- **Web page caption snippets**
BEGIN

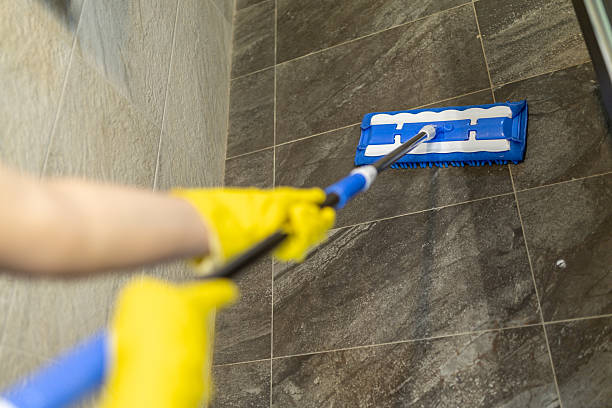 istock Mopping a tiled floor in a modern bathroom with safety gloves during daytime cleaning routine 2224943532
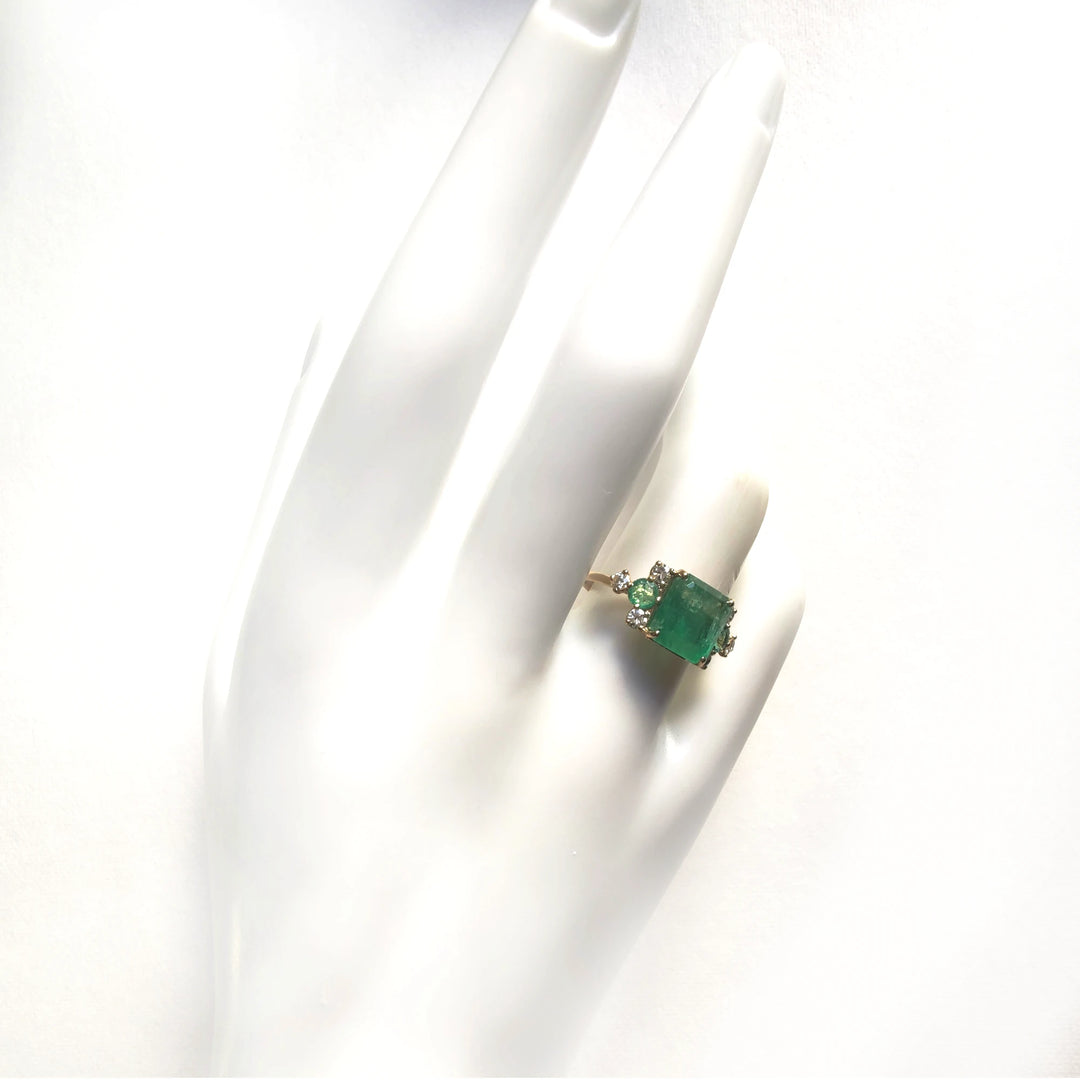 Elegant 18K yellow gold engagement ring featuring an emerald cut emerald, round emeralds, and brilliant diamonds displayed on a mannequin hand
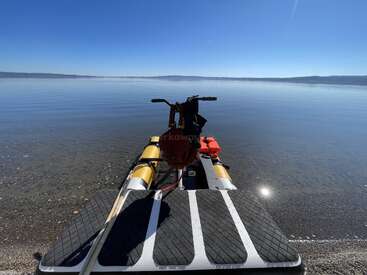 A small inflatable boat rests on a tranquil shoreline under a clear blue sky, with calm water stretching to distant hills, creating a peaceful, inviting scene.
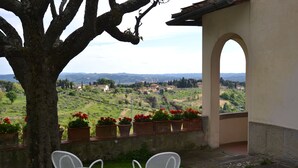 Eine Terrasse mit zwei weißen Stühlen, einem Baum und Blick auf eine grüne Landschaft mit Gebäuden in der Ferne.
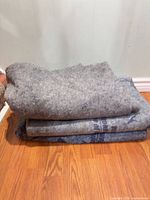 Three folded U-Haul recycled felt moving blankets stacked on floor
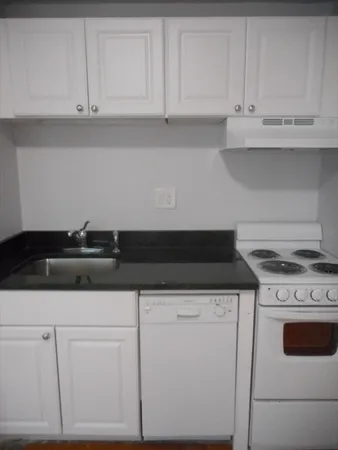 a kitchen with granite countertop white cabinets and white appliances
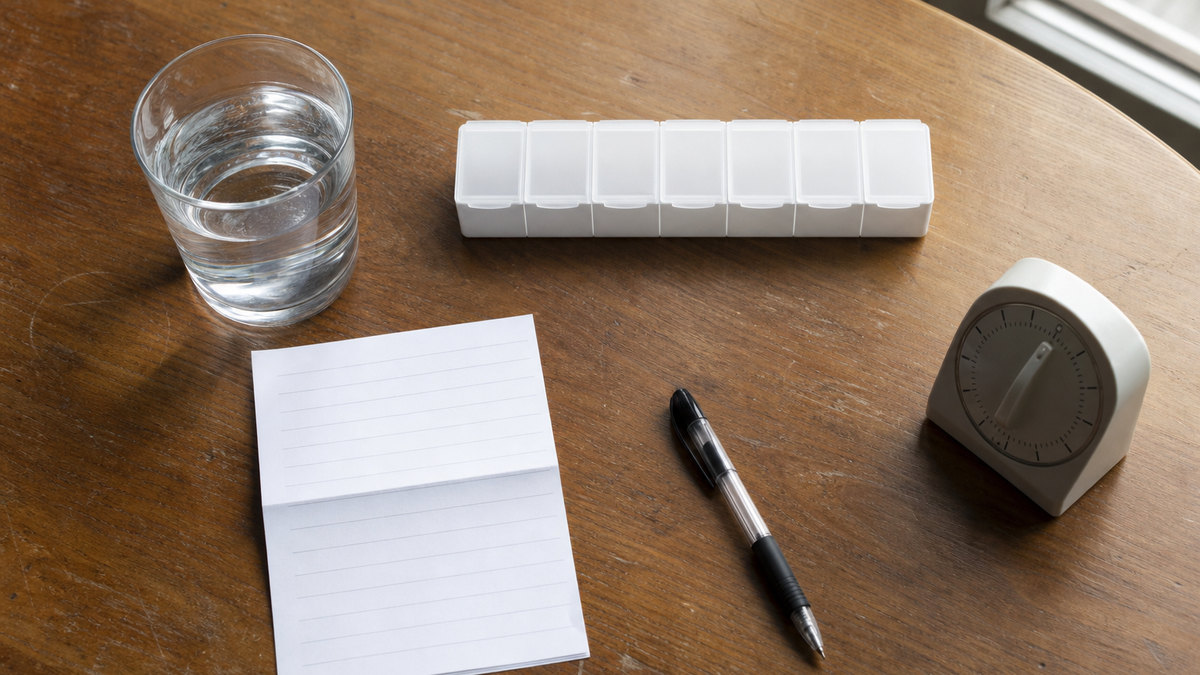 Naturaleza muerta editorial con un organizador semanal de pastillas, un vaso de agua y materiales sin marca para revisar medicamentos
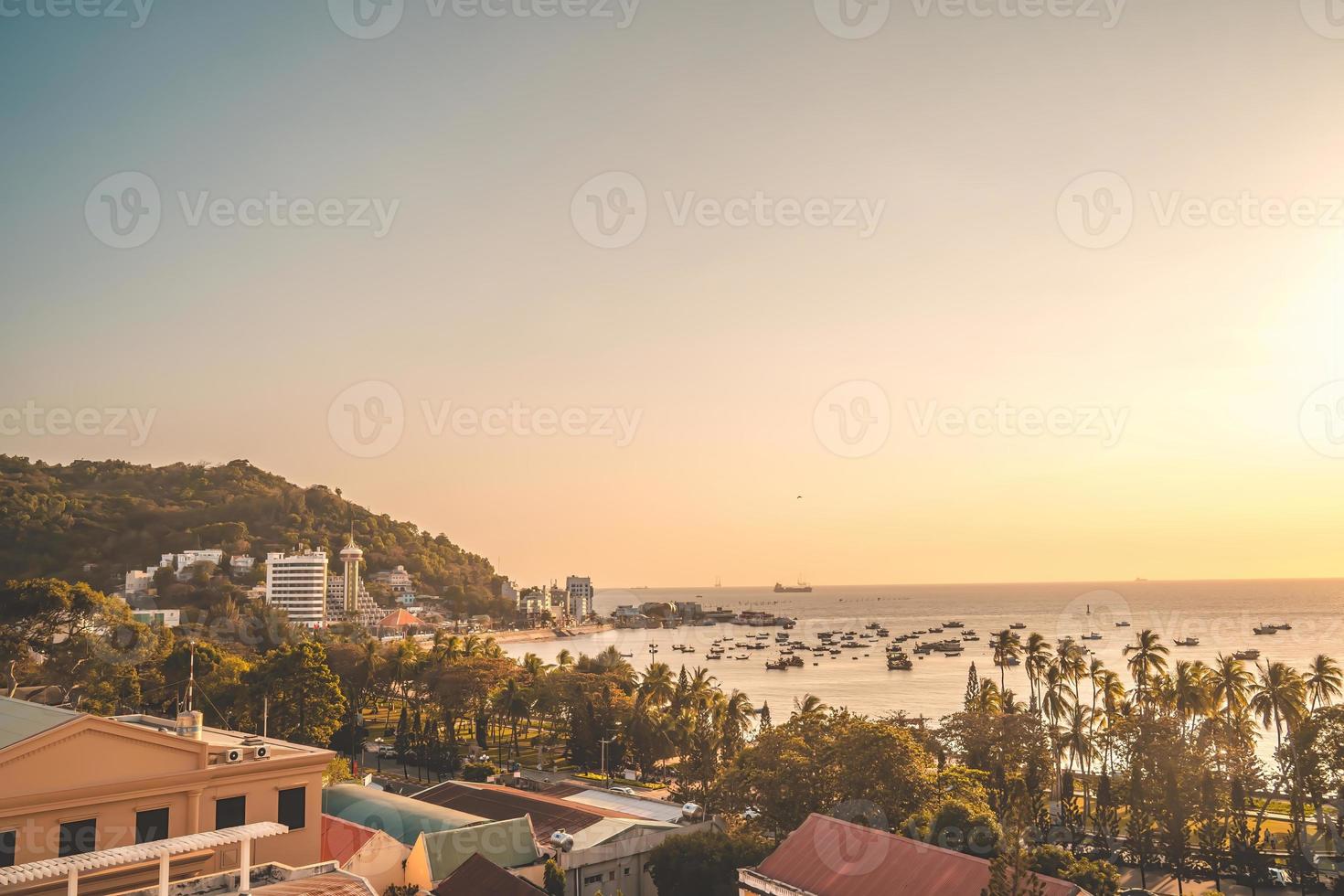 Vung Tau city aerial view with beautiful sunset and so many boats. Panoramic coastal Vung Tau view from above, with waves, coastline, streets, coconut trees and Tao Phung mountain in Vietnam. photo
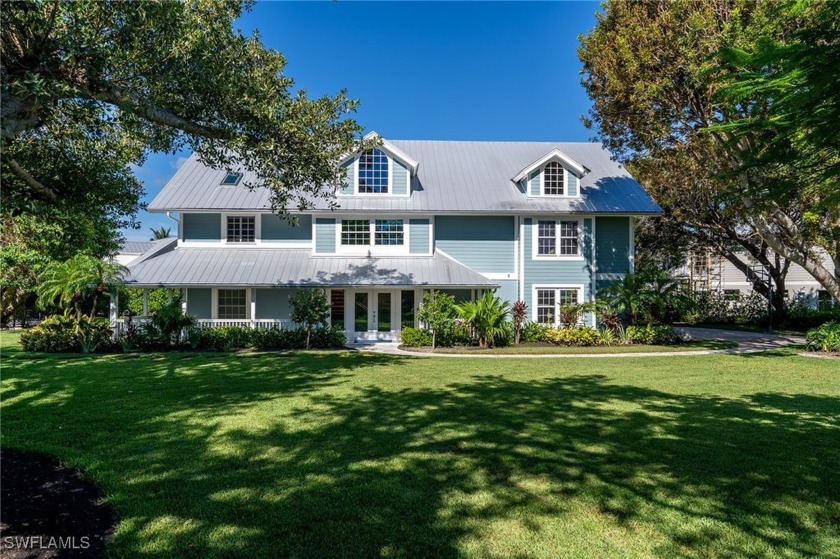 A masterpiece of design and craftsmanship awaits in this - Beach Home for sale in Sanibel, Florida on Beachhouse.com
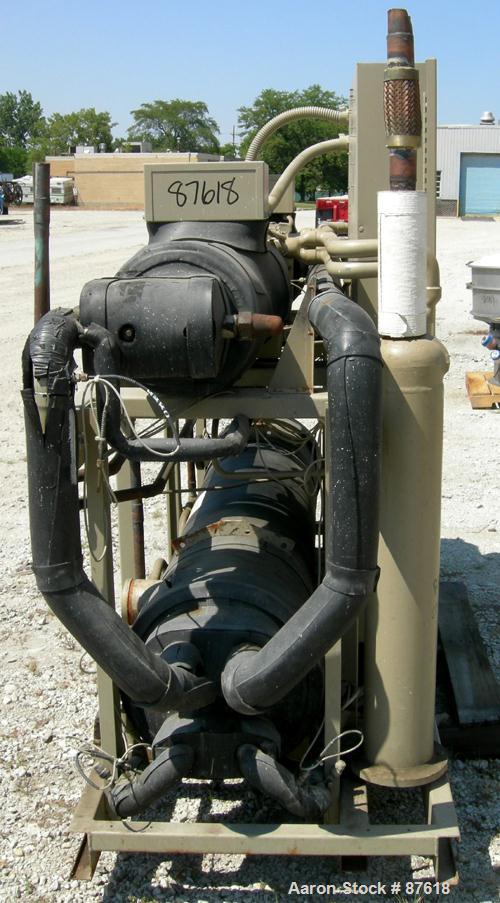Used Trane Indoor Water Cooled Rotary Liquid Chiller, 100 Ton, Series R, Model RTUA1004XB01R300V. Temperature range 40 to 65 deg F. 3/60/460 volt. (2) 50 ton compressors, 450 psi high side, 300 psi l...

END

- **EXERCISE DETAILS**
The lines to copy begin at the one containing "A masterpiece of" and end at the last line of the records. Set down exactly those lines and no others, both ends included, and omit all pictures.

- **EXERCISE SOLUTION**
 A masterpiece of design and craftsmanship awaits in this - Beach Home for sale in Sanibel, Florida on Beachhouse.com
Used Trane Indoor Water Cooled Rotary Liquid Chiller, 100 Ton, Series R, Model RTUA1004XB01R300V. Temperature range 40 to 65 deg F. 3/60/460 volt. (2) 50 ton compressors, 450 psi high side, 300 psi l...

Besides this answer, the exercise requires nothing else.